## Learning Artificial Intelligence

One reason to love being a mathematician is that the mathematical universe is so staggeringly enormous that there’s never a shortage of fun new directions to go in the mathematical sciences.

Recently, I’ve been learning AI, and really enjoying digging into both the mathematical aspects of intelligence and the concrete programming skills for building state-of-the-art systems.  One big help for this has been a two-term Udacity “Nanodegree” that I just completed.

## Artificial Intelligence Nanodegree and Specializations

The whole program, which took from January through August 2018, consisted of three parts:

1. Introduction to Artificial Intelligence. This covered a bunch of topics in “classical” AI, largely following Russell and Norvig’s text, Artificial Intelligence: A Modern Approach.
2. Deep Learning and Applications.  This covered the hottest topic in AI these days—using deep neural networks to do machine learning—and a bunch of applications.
3. Specializations:
• Computer Vision.
• Natural Language Processing.
• Voice-User Interfaces.

These courses covered a lot of stuff!  For me, it was a good way to boost my skills quickly and help me catch up on developments and literature in AI.  Some people who are also interested in AI have been asking me about this program, so here’s more about what I did in it, and some evaluation of the Udacity courses.

### Projects

A good thing about the Udacity courses is that they’re project-focused.  The required projects for my Nanodegree included:

• Sudoku Solver: Built an AI agent to solve sudoku, using a combination of explicitly programmed strategies and tree search.
• Game Playing Agents: Built an adversarial search agent to play a 2-player game (Isolation, and variations) with superhuman skill.
• Implementing a Domain-Independent Planner: Agent for optimal planning using PDDL and a variety of uninformed and informed search algorithms.  Applied this to air cargo transportation problems.
• Sign Language Recognizer: Used Hidden Markov Models to build models to transcribe sign language from hand position data extracted from video of American Sign Language speakers.
• Neural Dog-Breed Classifier: Used Convolutional Neural Networks (CNN) and transfer learning to build an app that can recognizing dog breeds from pictures of dogs, with human-level accuracy.
• Time Series and Automatic Text Generation: Used Recurrent Neutral Networks (RNN) for modeling time-series such as financial data, and also to generate text automatically, by training an RNN on a Sherlock Holmes novel.
• Machine Translation: The “capsone” project for the Natural Language Processing specialization, this involved building multiple RNN architectures—ultimately leading up to a bidirectional, encoder/decoder (seq2seq) model with word embedding—to translate between English and French.

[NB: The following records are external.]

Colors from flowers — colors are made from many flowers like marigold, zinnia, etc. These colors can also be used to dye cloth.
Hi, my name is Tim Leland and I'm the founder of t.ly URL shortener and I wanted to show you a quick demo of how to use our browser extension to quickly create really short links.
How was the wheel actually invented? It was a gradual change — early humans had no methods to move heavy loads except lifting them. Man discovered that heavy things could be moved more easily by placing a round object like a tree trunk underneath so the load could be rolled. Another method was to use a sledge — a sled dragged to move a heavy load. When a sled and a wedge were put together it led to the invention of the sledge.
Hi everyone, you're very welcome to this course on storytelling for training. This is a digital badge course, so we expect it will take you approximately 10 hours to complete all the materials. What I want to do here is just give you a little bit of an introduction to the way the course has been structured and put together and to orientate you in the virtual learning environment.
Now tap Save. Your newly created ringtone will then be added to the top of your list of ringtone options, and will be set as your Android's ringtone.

I was only required to do one of the three possible capstone projects, and chose to do the one associcated with NLP.

Most of the projects were well designed, and introduced a variety of tools.  The programming was all in Python.  Some projects were stand-alone Python code built in an IDE, while others were done using Jupyter notebooks.  Some of the code was written for the student, leaving the key pieces for the student to do, and there were sometimes optional parts covering more advanced ideas.  A few projects also involved written reports, explaining the design choices in the project and/or reviewing some relevant related literature.

My main complaints with the projects: (1) In a few of the projects, I felt like some of the interesting coding that should have been left to the student was pre-coded, and (2) I could sometimes see better methods than what was specified in the project, but had to do it their way to meet specifications and/or pass the automated grader.  Still, overall, the projects helped me learn what I wanted to, and I could make my own private versions where I could do things my own way.

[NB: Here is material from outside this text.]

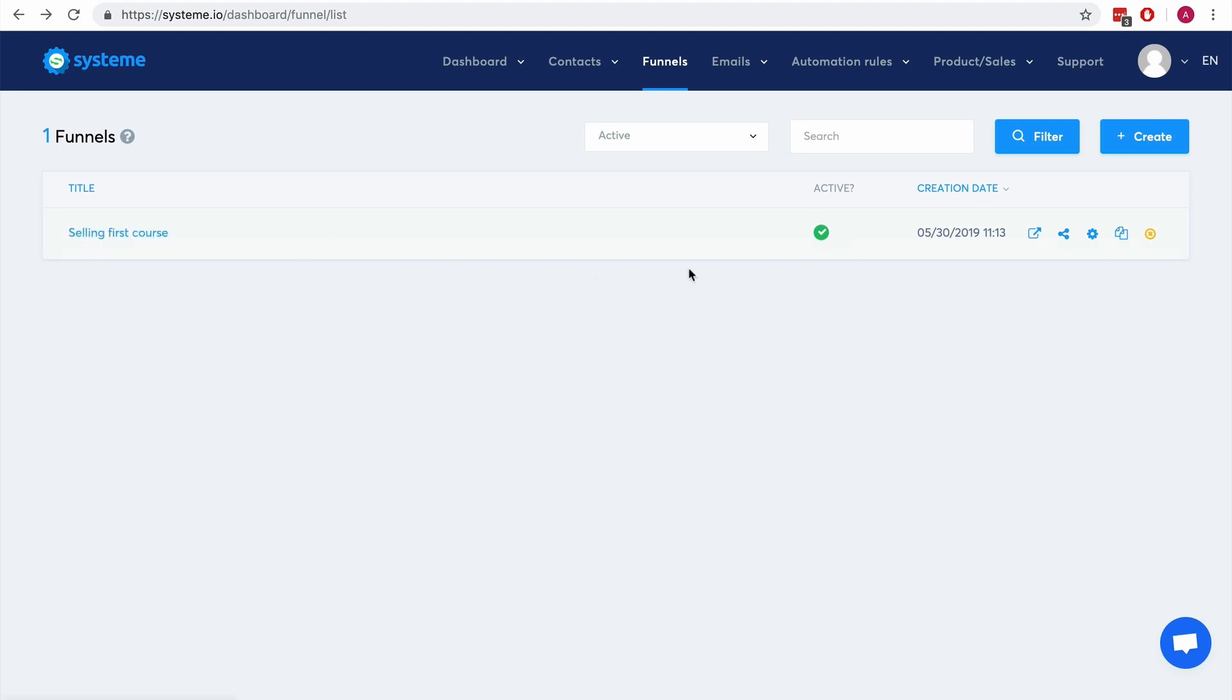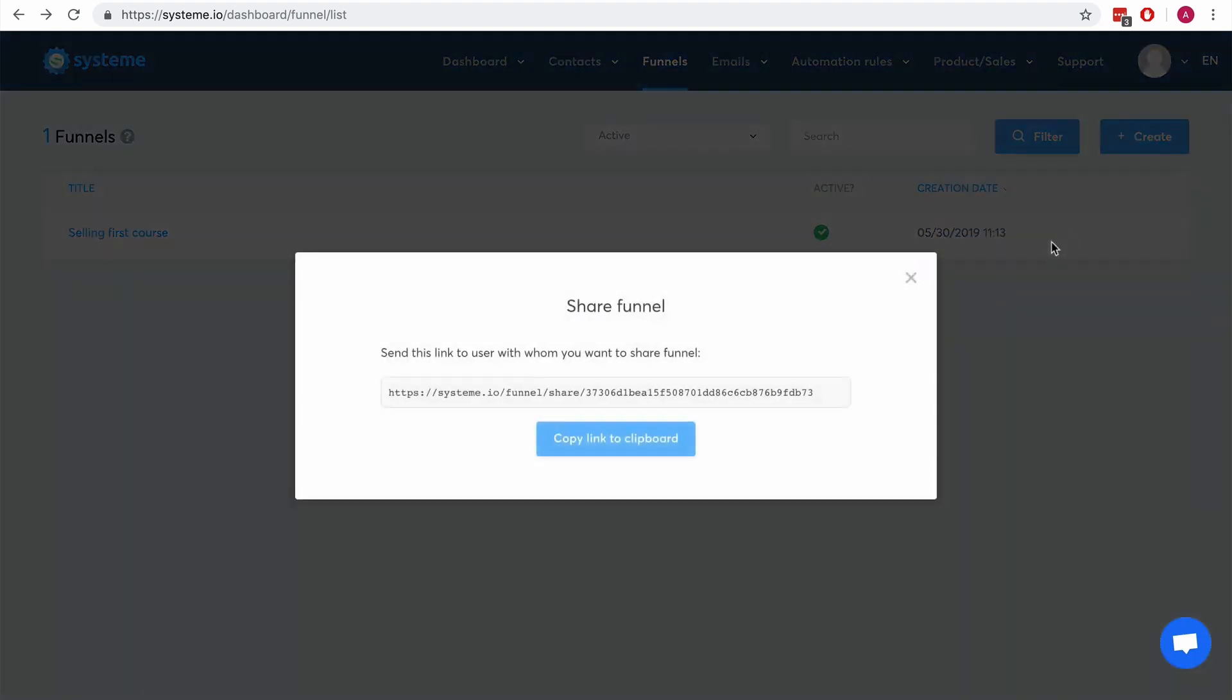So it's pretty cool. And as I said again, this is an affiliate link. So if the person then purchases System.io, you will get commissions for all the payments for her subscription, so it's pretty cool.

The course was also filled with other chances for practical experience: multiple optional (self-evaluated) projects, “mini-projects”, “labs”, and other coding exercises and guidance for implementing a range of AI tools.

### The Math

The mathematics in the nanodegree was sometimes covered a bit superficially.  That’s probably to be expected, since most of the people who take these courses come from a software engineering background, not from the mathematical sciences.  Some mathematical friends have asked me whether I can recommend the program for people with more math background, so I’d like to say a bit about the mathematical level.

The first thing to realize is that AI is a rather mathematically intensive area of computer science. To do well in the course, you need at least a solid grasp of linear algebra, logic, and basic probability and statistics, or sufficient mathematical sophistication to learn these subjects quickly.  These are the mathematical workhorses of machine learning and AI, and mathophiles will be glad to know Udacity’s courses don’t shy away from expecting students know this stuff.

However, the more math you know, the more you can get out of the course.  One can approach AI at wide range of mathematical levels.  Though the course is targeted at an undergraduate math level, this was fine:  Rather than teaching the more mathematical aspects, which I would have surely been too critical of anyway, the courses mostly helped point me to resources to where I could learn what I wanted to, and gave enough of the mathematical ideas that I could fill in the details myself.  I had a lot of fun seeing unexpected connections to areas of math I’ve worked on before.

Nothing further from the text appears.